Tuesday, May 14, 2019

MACH.19 - Saguaro Country, Day 16: Transitions

Saguaro Country, Day 16
Transitions
Monday, May 13, 2019

My Gold Wing has a new heart! Yesterday was filled with fruitless attempts to get a battery amid concerns that the electrical charging system may have caused the battery failure.  This morning, I called the local NAPA store in Gila Bend and Chico said he'd call me back. An hour later he did, and was exceedingly happy, genuinely so, to report that he had an AGM battery in stock.  I explained where we were and asked if he could deliver it. "Of course, I'd be happy to bring it to you," he said.

"You seemed surprised to find you had a battery in stock," I say.

"Yes, I was a little surprised, but mostly happy," is his response.  He explains that a lot of motorcycles of all makes travel through "his" little town, and he tries to keep stock for just about every touring model.

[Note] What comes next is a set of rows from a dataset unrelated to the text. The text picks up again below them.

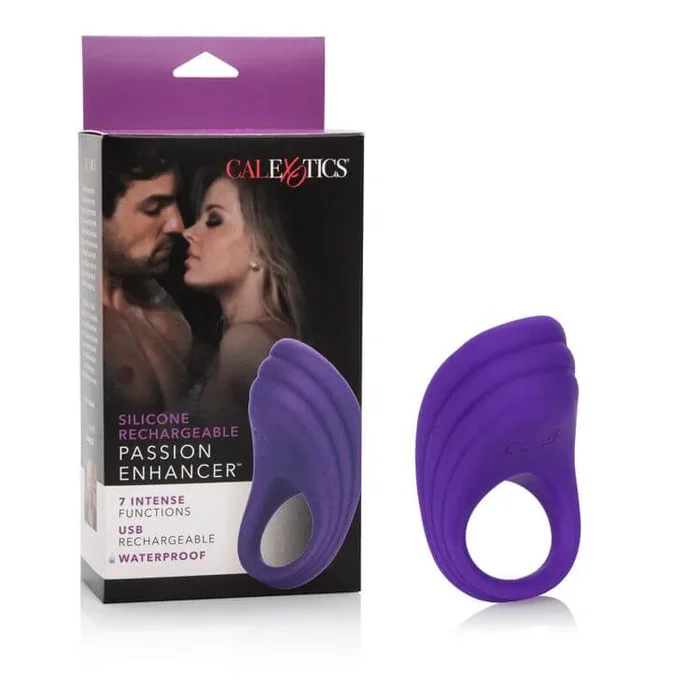 Passion Enhancer Silicone Rechargeable Vibrating Ring – Purple | 7 Functions
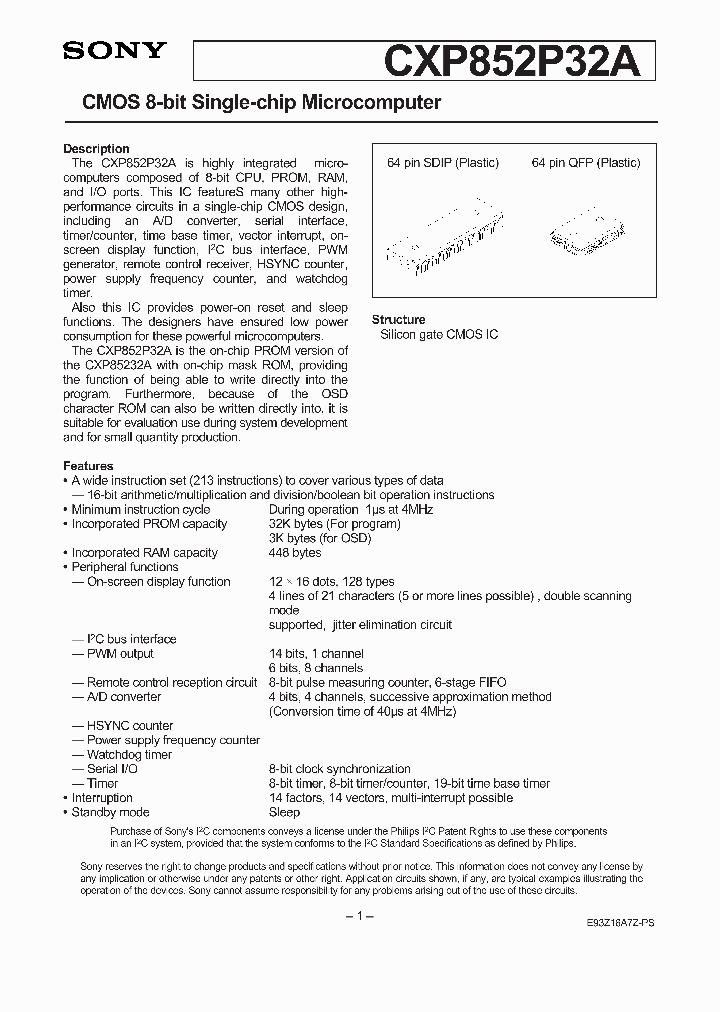 CXP852P32A_1188923.PDF Datasheet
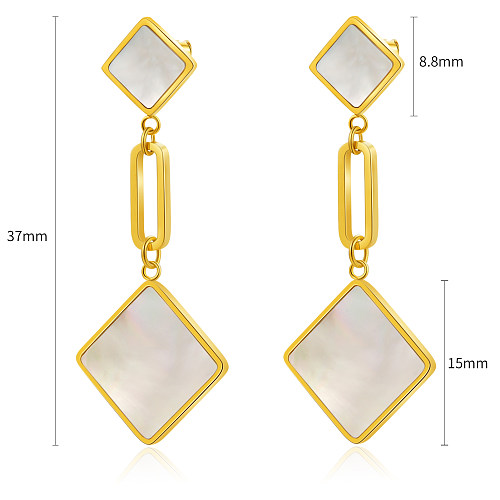 1 Pair Basic Simple Style Rhombus Plating Inlay Stainless Steel  Shell Rose Gold Plated Drop Earrings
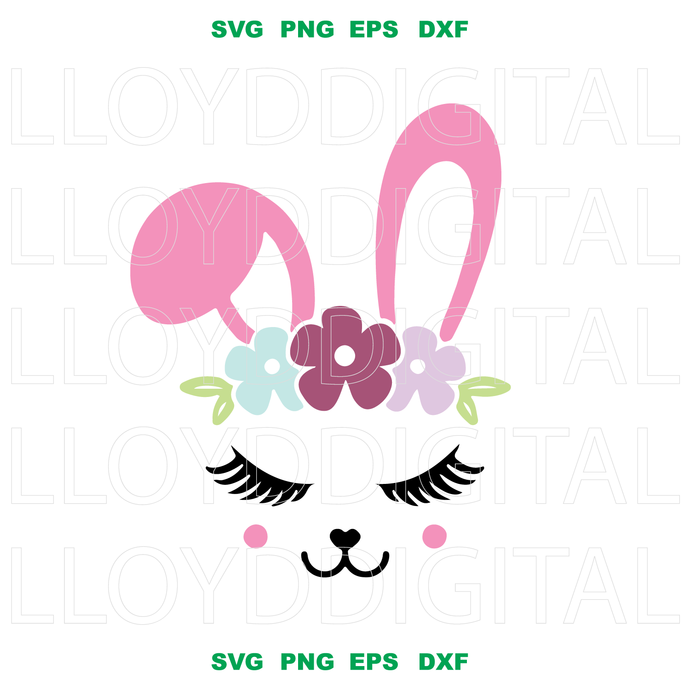 Bunny face ears Easter Floral Rabbit SVG floral Bunny svg easter bunny printable shirt gifts svg eps dxf png cut file for silhouette cricut - BundleofSVG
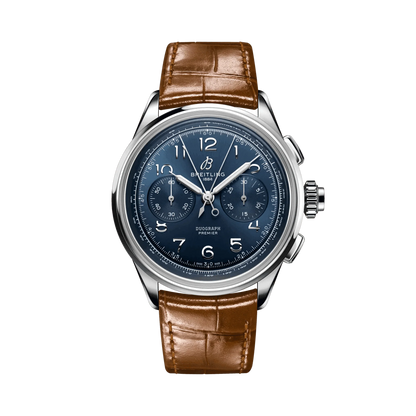 Breitling Premier chronograph watch with a blue dial, two subdials, Arabic numerals, silver tone case and brown leather strap.
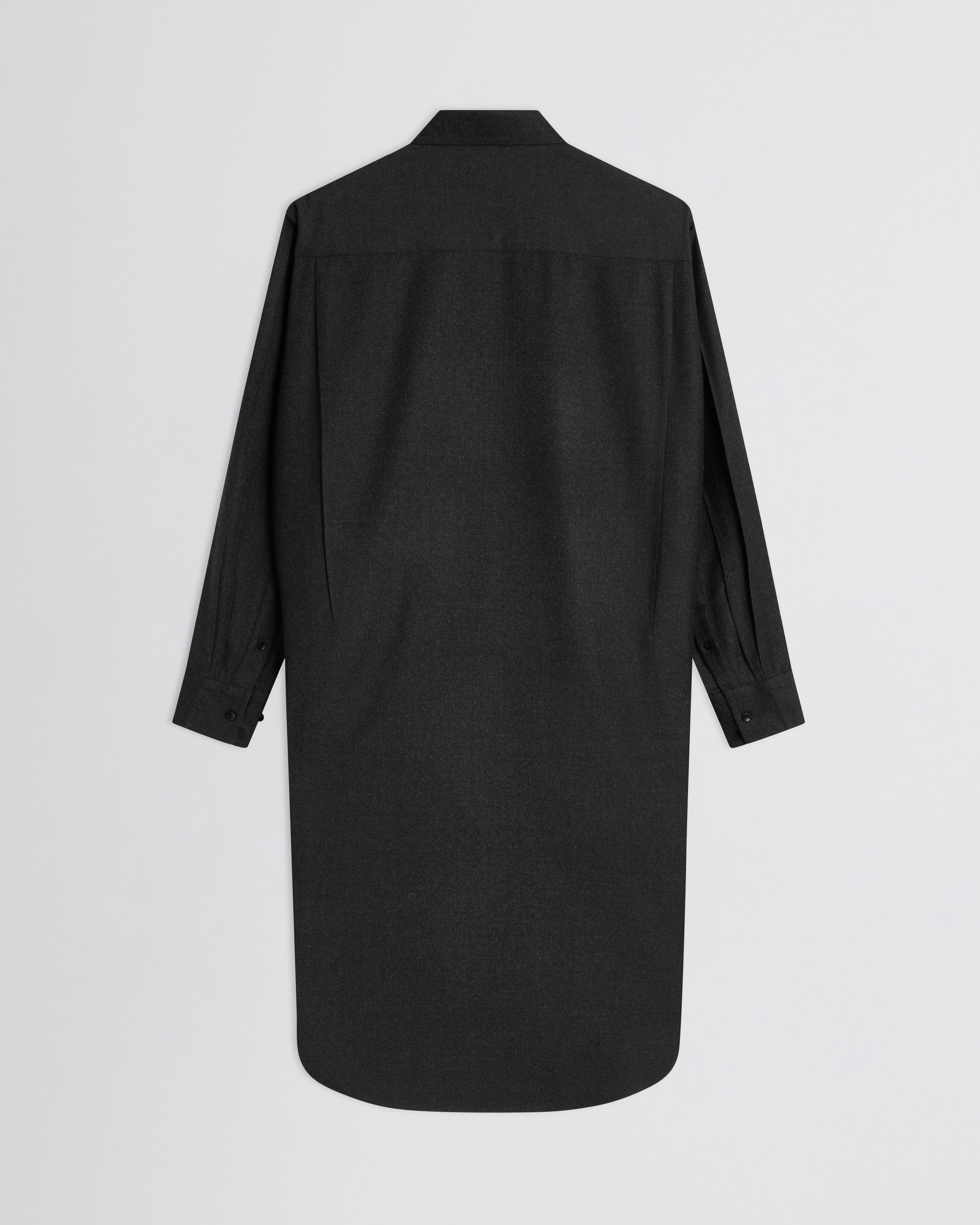 Flat back view of Elongated Shirt in charcoal wool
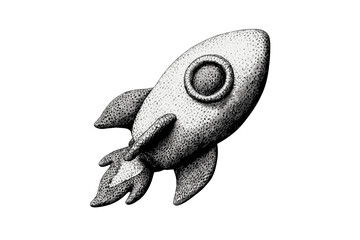 Halftone rocket launch for business startup success. Modern 3d dotted collage element. Creating ideas and innovation concept. Metaphor for fast project growth and speed.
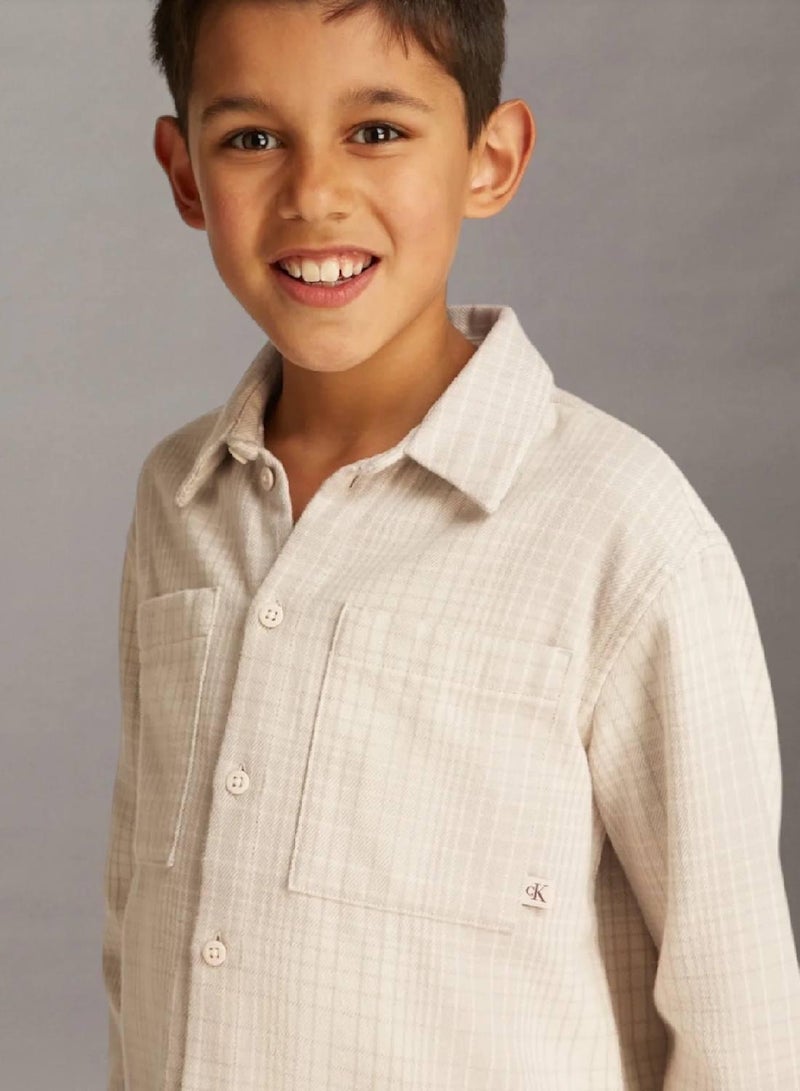 كالفن كلاين جينز قميص من قماش بملمس بارز - Image 3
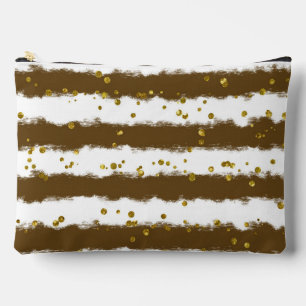 Brown and White Stripes With Gold Dots Accessory Pouch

I don't quite have the old battery off the bike when he arrives because I didn't recall that you need to take off the seat, or at least loosen it, to get to the battery clamp bolt, so that takes some extra time.  I install the new battery, double-check the connections, and turn the key.

It's like sunshine explodes in my chest! The familiar whir as the suspension preload activates, all the familiar lights on the dash, the navigation screen booting up, it all seems so perfect.  I press the starter button and Crusader leaps eagerly to life. I button up the seat and side panel and we are ready to load out.

"I think you better take a little break," says Kitty. I'm not sure why, but it was pretty hot out there.  Or it might be she sees my hands shaking with excitement.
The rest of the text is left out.